> **Task description**
The copy should hold only the line containing "Justice Kids Girls" and the lines after it through the end of the material, each exact, with no pictures.

> **Information shown**
:::::

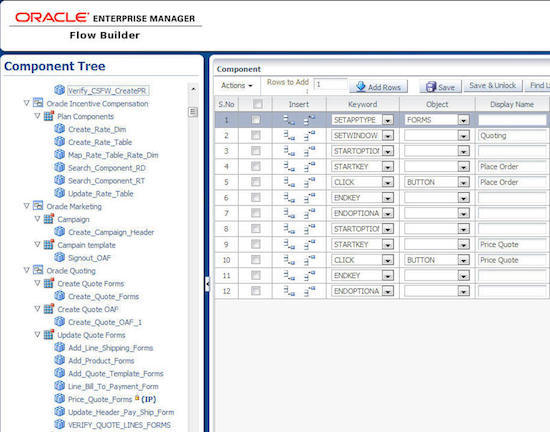 Screenshot of Oracle Flow Builder extension for Oracle Application Testing Suite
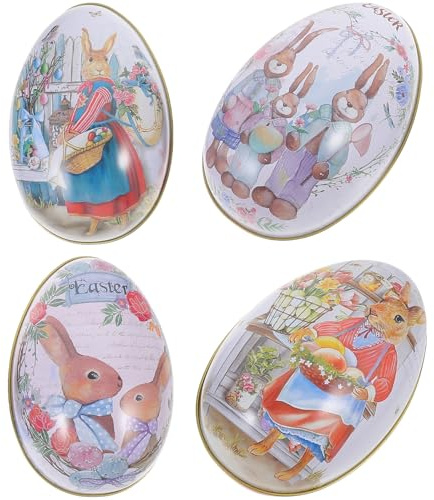 TOYANDONA 4 Stück Osterei Blechdosen aus Weißblech mit Leicht zu Öffnendem Deckel Stabile Aufbewahrungsboxen für Festival Candy Verpackung und Osterdekoration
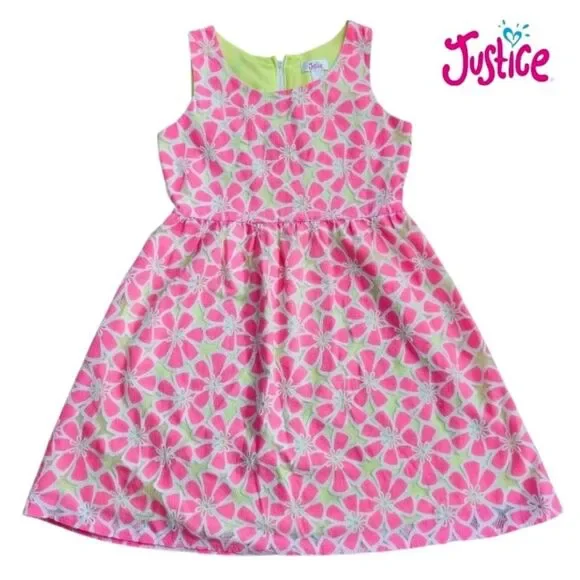 Justice Kids Girls Dress Line-A Scoop Neck Sleeveless Pink-Neon Lined Size 10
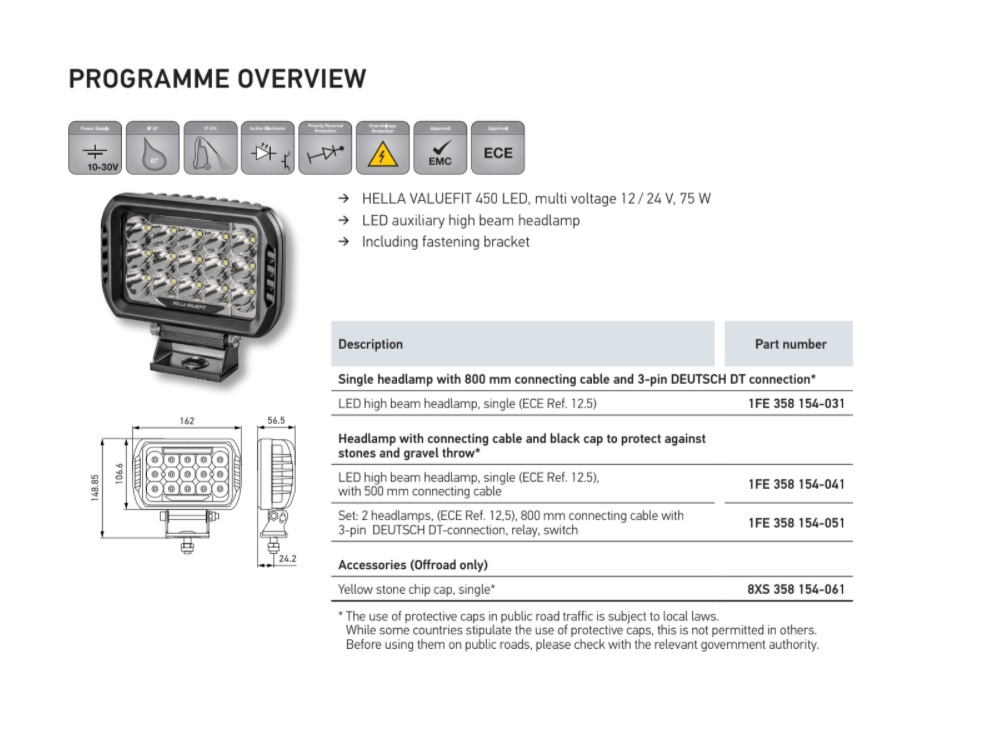 HELLA - LED-Fernscheinwerfer - Valuefit 450 - ECE-R112/ECE-R10/E9  16538/ECE-R7/E1 5085 - 1FE 358 154-031 : : Auto & Motorrad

:::::

> **Problem solution**
 Justice Kids Girls Dress Line-A Scoop Neck Sleeveless Pink-Neon Lined Size 10
 HELLA - LED-Fernscheinwerfer - Valuefit 450 - ECE-R112/ECE-R10/E9  16538/ECE-R7/E1 5085 - 1FE 358 154-031 : : Auto & Motorrad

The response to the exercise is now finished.